GG43955 FIRTH-VICKERS STAINLESS STEEL CO. STAYBRITE WORKS SHEFFIELD, ENGLAND 1950s PROMO FILM

This short film “Round the Works in Four Minutes” promotes the Firth-Vickers Stainless Steel Co and its Staybrite Works in Sheffield, England. It probably dates to the 1950s. The brief tour of the works shows steel plates, sheets, wire and bars being formed, shaped and cooled. Firth-Vickers was a major name in Sheffield’s steel empire, and perhaps are best known for the invention of Stainless steel in 1912. The company branded their stainless as ‘Staybrite’, which gave this works its name. At 2:08, spinning machines that are centrifugal furnaces are shown, initially used in the aircraft industry. At 2:33, automated lines are shown. At 3:10, bright and mirror finish stainless steel sheets are shown. At 3:30, various uses of steel are shown including in a meat processing plant where cleanliness is very important, a bottling plant and a milk dairy.

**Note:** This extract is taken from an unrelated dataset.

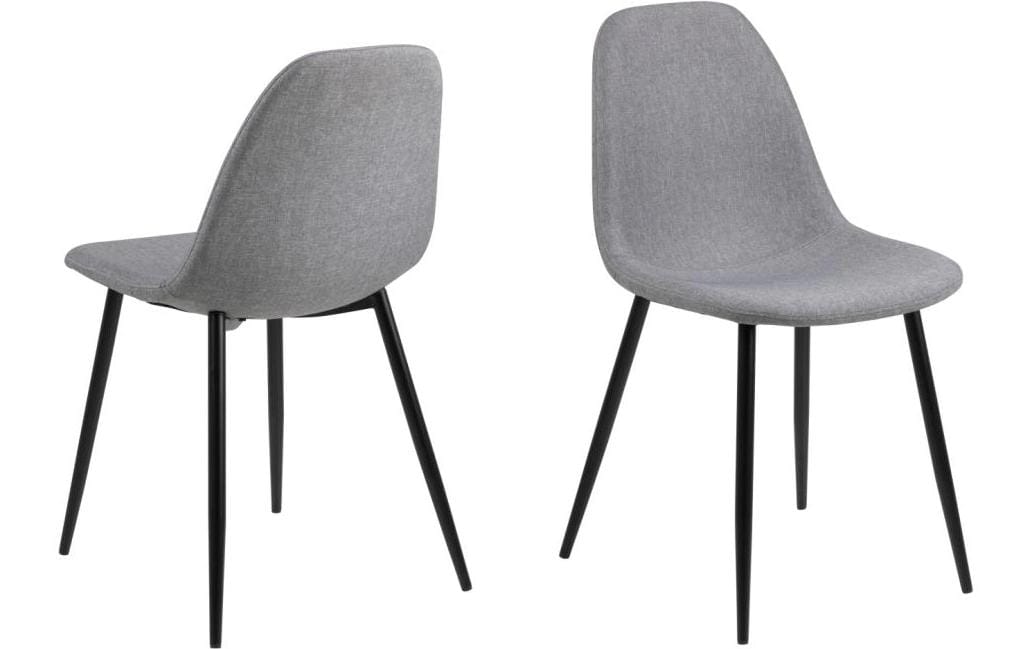 AC Design Stuhl Wilma 4 Stück, Hellgrau/Schwarz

Firth Brown Steels was initially formed in 1902, when Sheffield steelmakers John Brown & Company merged with Thomas Firth & Sons. In 1908 the two companies came together and established the Brown Firth Research Laboratories and it was here, in 1912, under the leadership of Harry Brearley that high chrome stainless steel was developed. The companies continued under their own management until they formally merged in 1930 becoming Firth Brown Steels. In 1934 the stainless steel business, based at the Staybrite Works, Sheffield, was split off as a jointly-owned company with English Steel Corporation Ltd. and was re-incorporated as Firth-Vickers Stainless Steels Ltd. The company is now part of Sheffield Forgemasters. During the 1970s a market downturn, the Thatcher era recession and labor problems caused several Sheffield steelworks, including Staybrite, to close. The Sheffield Works is now derelict.